Chris Angelico writes:

 > Except that render_template isn't one of my own functions. It's part
 > of the templating engine (this is a Flask web app). There is no
 > refactoring to do - that IS the correct way to call it.

So NOW you tell me! ;-)  Just kidding: of course I recognized that as a
library call.  Of course cases where one calls a library function with
a plethora of keyword arguments and large fraction of them are going
to take same name variables as keyword arguments are going to exist.
The question is are they frequent enough to justify an IMO ugly syntax
change.  There are a lot of other factors involved, such as why there
are so many randomly-assorted variables that are nevertheless related
by this function call, whether this particular call is repeated with
the same objects (so that it might be worth wrapping it in a
marshalling function with appropriate defaults), if it would be
conceptually useful to have a library manager object that collects all
of the assorted variables, and so on.

I'm arguing that multiple changes in Python, and additional experience
for me, mean that I run into same name arguments much less frequently
nowadays than I once did, frameworks like Flask notwithstanding.
There are several reasons for that, including:

1.  Variable naming that refers to the role in the application, rather
    than the role in the function called.
2.  Constructs like comprehensions and zip() that make writing helper
    functions that call for same name arguments less attractive.
3.  Using local rather than global functions in helper roles,
    eliminating same name arguments in favor of nonlocal access.

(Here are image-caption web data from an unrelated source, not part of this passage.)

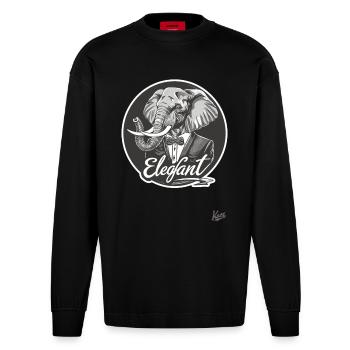 L’éléphant Eleg : l’éléphant élégant - Manches longues bio épais oversize fabriqué en UE - SOLID BLACK - Devant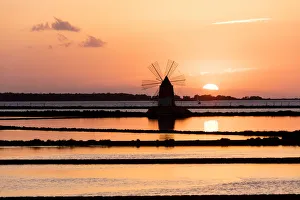 Trapani Prints: Windmill at sunset, Saline dello Stagnone, Marsala, province of Trapani, Sicily, Italy
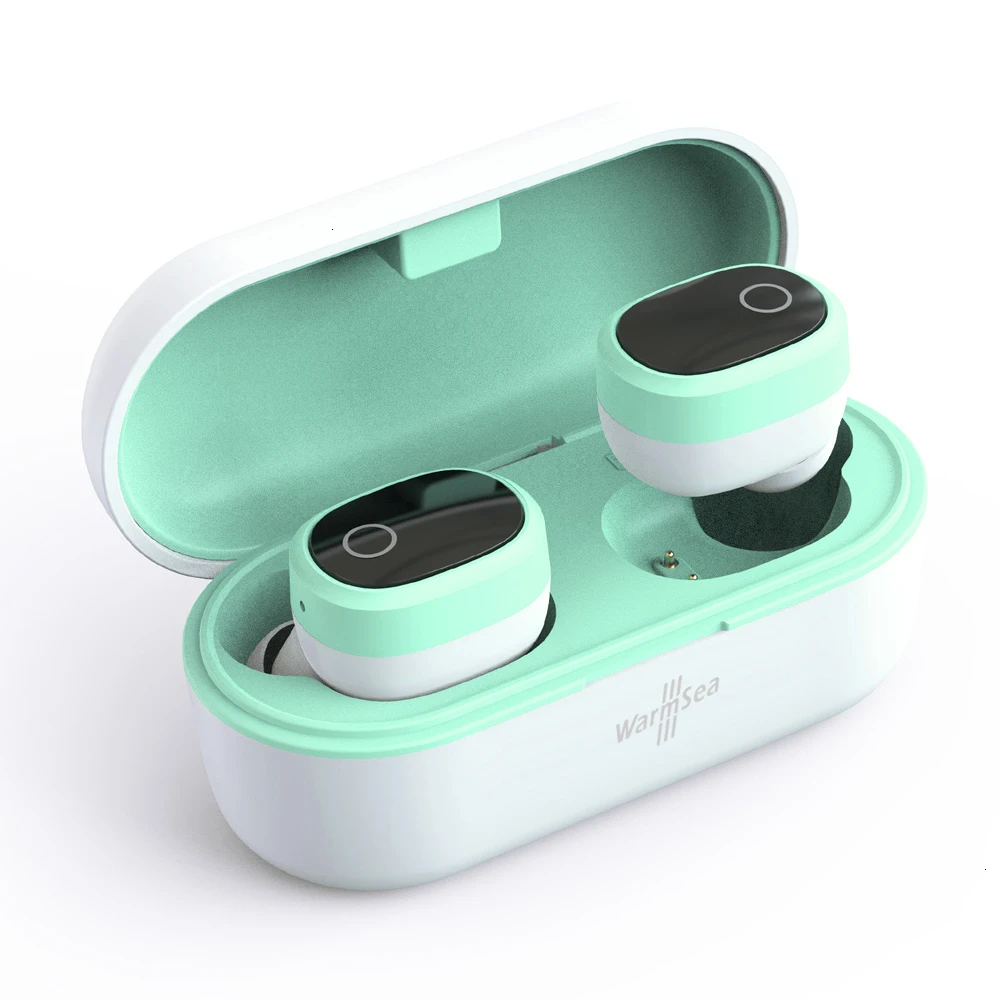 Green Наушники WarmSea TWS Bluetooth 5,0, отличное качество звука, беспроводные наушники, гарнитура, спортивные наушники - Цвет: Green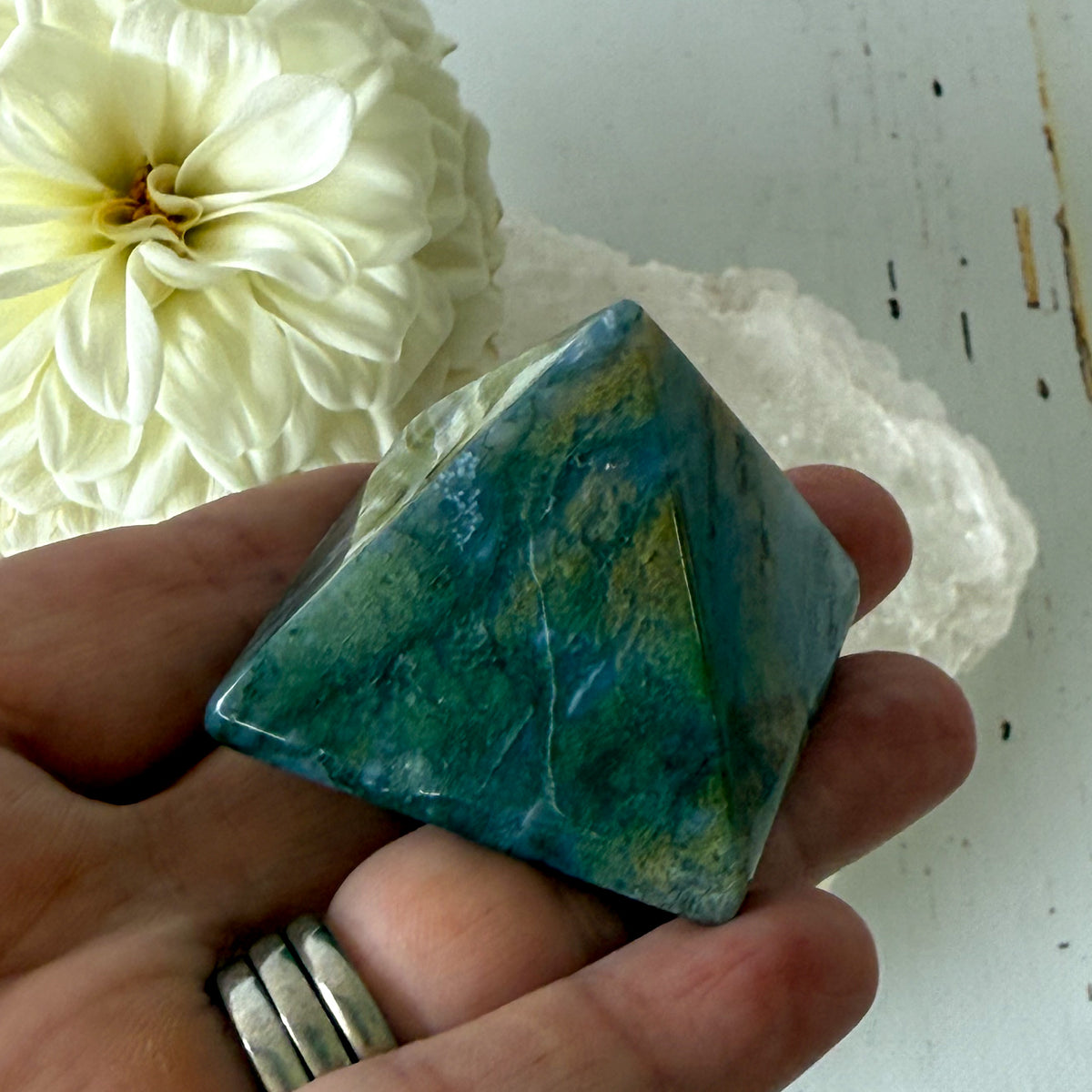 Moss Agate Pyramid #1060-Happily Zen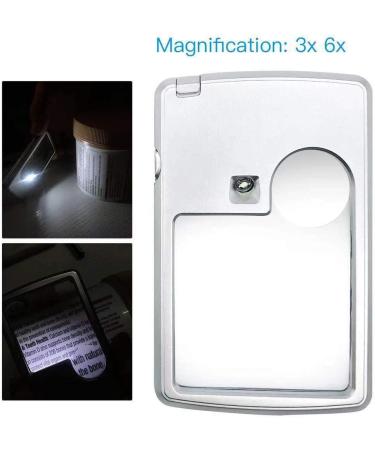 Wapodeai 6X 3X LED Magnifying Glass with Light Premium Card Type Magnifying Glasses Magnifying Glass for Reading Kids Jewelry Science 3X Magnifier Magnifying Glasses with Light Silver - Buy Online on GoSupps.com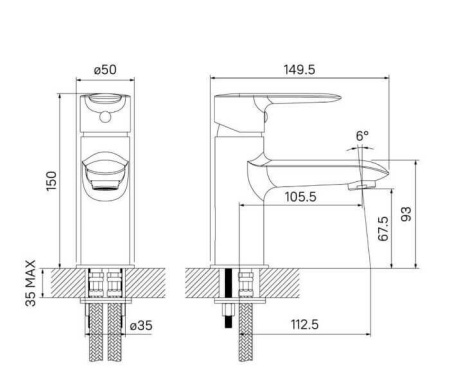 Смеситель для умывальника IDDIS Cuba (CUBSB00i01)
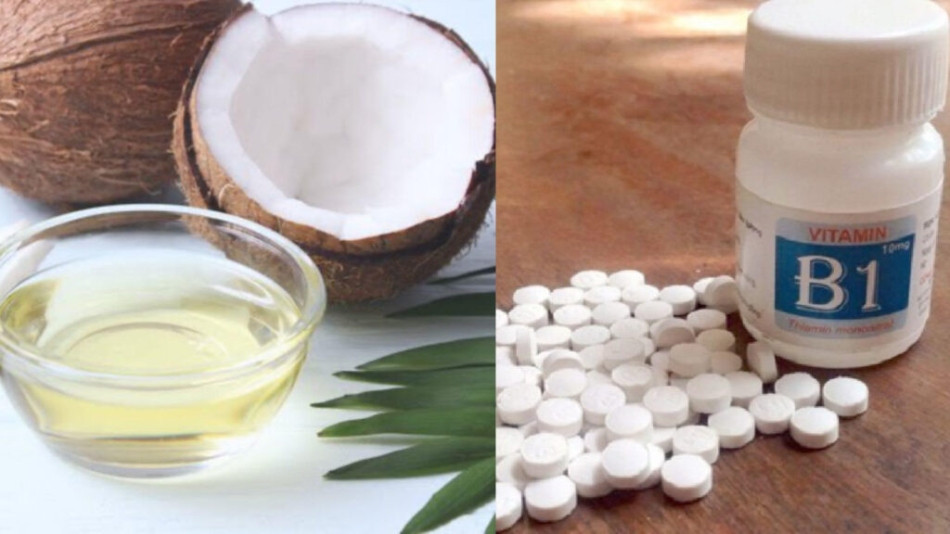 Dưỡng tóc mọc nhanh và dày với dầu dừa và vitamin B1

None of those is a panacea; 2 & 3 are completely inapplicable to the
render_template example, and 1 is a matter of style that I think is
becoming widespread in the Python community (at least in the code I
have to read frequently :-) but is certainly your choice, and any
programmer's choice, not mine.  And it will vary with the particular
library: if you have to call constructors for a bunch of library
facilities and do nothing with them but pass them to library
functions, the argument names are the obvious variable names.  I
recognize that.

But all of them together, including some not mentioned here, have the
effect that this issue is much less salient for me than it used to be,
so I'm a lot less sympathetic to this syntactic sugar than I would
have been five years ago.

I don't know how common this experience is, but I think it's
reasonable to present it, and to suggest that it may be quite common.